Roethlisberger was sharp early against the Bengals, guiding the Steelers 80 yards on a first-drive score. He was seldom sharp again, finishing with a hideous 30.7 quarterback rating and at his low point getting picked by Delthea O'Neal on a badly underthrown deep ball late in the third quarter with the Steelers clinging to a 17--14 lead. After the interception, the second of three, Roethlisberger was booed at home, perhaps for the first time in his career.

Palmer was much better, albeit far from perfect. He spent long hours in the off-season watching tape of the game in which he was injured. "Not because I wanted to relive the hit," he said. "I wanted to learn more about Pittsburgh's defense, what they like to do in certain situations." By halftime Palmer had connected on 13 of 17 passes and hit Henry twice for touchdowns.

In the second half, however, Pittsburgh dialed up the ferocity of its pass rush, led by linebackers Clark Haggans (two sacks) and Larry Foote (seven tackles, one sack). Palmer struggled to find space in the pocket and fumbled several times when pressured. On the perimeter, Pittsburgh defenders trash-talked Houshmandzadeh and Johnson. The Bengals talked back, inciting Palmer's anger. Said Houshmandzadeh, "We're in the huddle in the fourth quarter, down by three points, and Carson just says to me and Chad, 'Shut up and play.'"

Palmer said, " Pittsburgh tries to get you into their game, and their game is to jaw a lot.

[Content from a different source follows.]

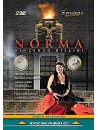 Bellini - Norma  - Arrivabeni/Theodossiou/Ventre/Barcellona (2 Dvd)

We were getting a little caught up in the moment, and that's not our game."

Ultimately the Steelers handed Palmer his chances to win. With just over eight minutes to play, return man Ricardo Colclough muffed a punt in the red zone, and 40 seconds later running back Vernon Haynes fumbled at the Steelers' 30. Palmer converted both turnovers into one-play drives, twice hitting Houshmandzedah for touchdowns that silenced Heinz Field.

The Bengals might not need such generosity next time. Houshmandzadeh was making his first appearance since bruising his heel on Aug. 28, an injury still so sore that when he spun around in the stadium hallway to pick his iPod off the floor after dropping it, he hopped in pain. The Bengals also played without starting center Rich Braham (bruised knee) and starting strong safety Dexter Jackson (sprained ankle), who are expected back soon. It is a team rising.

And their work is just beginning in earnest. There is a three-week stretch from late October into early November when the Bengals play Carolina, Atlanta and the first of two games with the Ravens. Pittsburgh awaits a rematch on New Year's Eve, with playoff positions possibly in the balance.

It is only September. But on this afternoon, it was instructive to note the symbolism in Palmer ending his work against the Steelers not by clutching a knee but by taking one.